Senate Democrats are aiming to pass a major spending bill this week that includes significant funding for climate change, after a deal was unexpectedly struck last week with the Democrat senator Joe Manchin, who has long resisted president Joe Biden’s climate agenda, NBC News reports. However, it notes that Arizona senator Kyrsten Sinema, “another [Democrat] centrist who holds a swing vote in the 50-50 Senate”, has been quiet about whether she will vote for the Inflation Reduction Act. According to the article, the potentially controversial element of the legislation for Sinema is not the climate component but the limitation of the carried interest tax break, which benefits investment managers. The Guardian, which describes Sinema as “one of the most conservative Democrats in Congress”, also notes that, while she rarely gives interview, the Arizona senator has “previously expressed reticence to raise taxes on corporations and may look unfavourably at measures in the new bill…that would require large companies to pay a certain level of tax”. However, it says there are hopes that Sinema, who was once a member of the Green party and recently toured the aftermath of a huge wildfire near the city of Flagstaff, will be convinced by the act’s climate provisions.

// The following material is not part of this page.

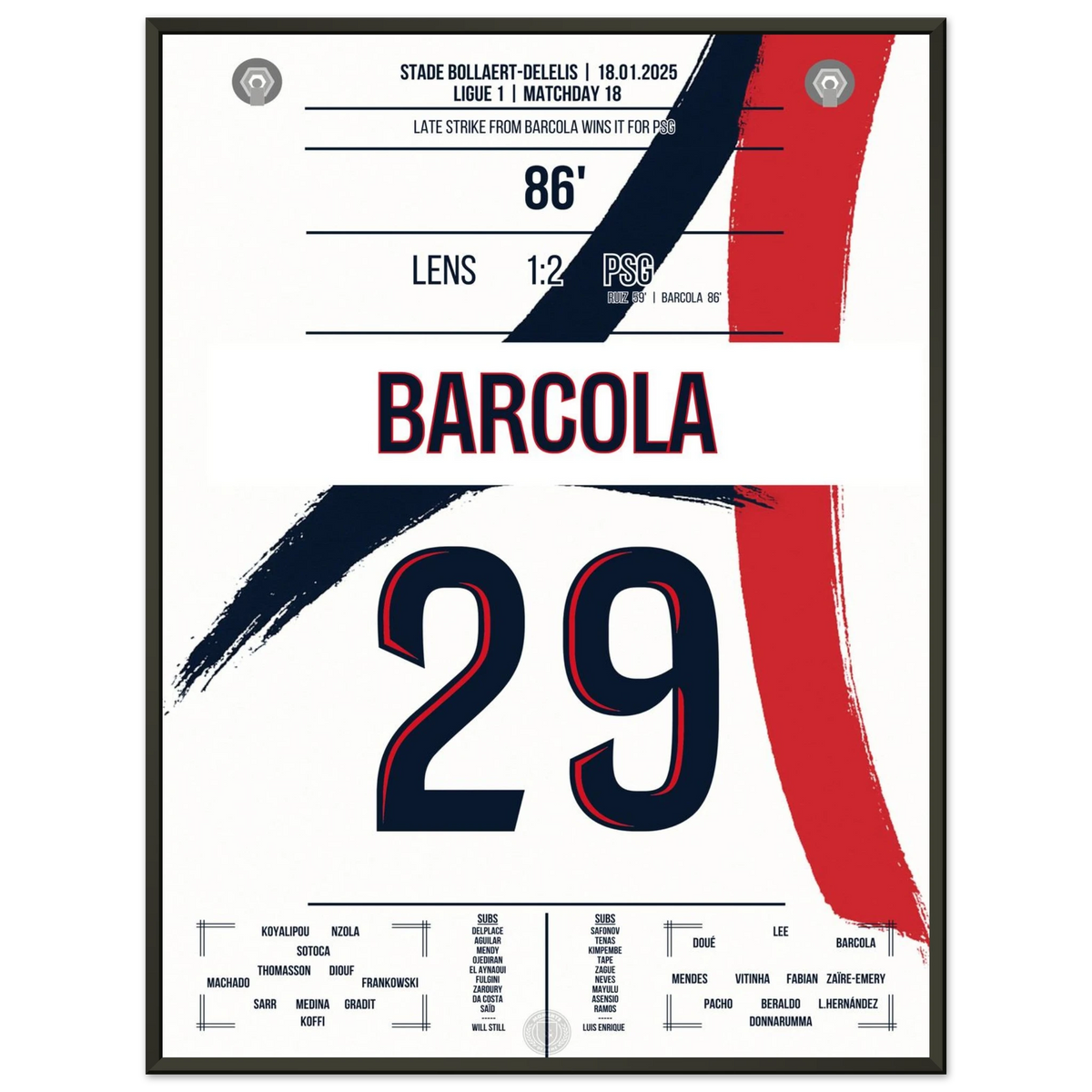 <tc>Barcola marca el gol de la victoria en los últimos minutos en Lens





</tc>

The New York Times covers analysis by the Princeton-led REPEAT Project that shows the proposed bill’s tax incentives for low-carbon technologies could enable the country to cut its emissions by roughly 40% below 2005 levels by the end of this decade. While this is short of the 50% target set by the US government, “experts said that additional policies like new federal regulations or more aggressive state and local climate action could help close the gap”. Meanwhile, Reuters reports that a deal has been made among US Senate Democrats to provide faster approvals for fossil-fuel projects, in order to secure Manchin’s backing for the climate spending bill. The side deal would also deliver a range of permitting reforms for large infrastructure projects, including limiting the length of environmental reviews and centralising the power to approve projects to just one government agency, it continues. Analysis by the Joint Committee on Taxation, a “congressional nonpartisan scorekeeper for tax legislation”, would not “cement a giant tax increase or result in profligate federal spending”, despite Republican claims, the New York Times reports. A piece in the Washington Post notes that while the $369bn climate package includes extensive support for electric cars and other clean technologies, incentives for traditional and battery-powered bikes are “conspicuously absent” after being included in earlier climate bills.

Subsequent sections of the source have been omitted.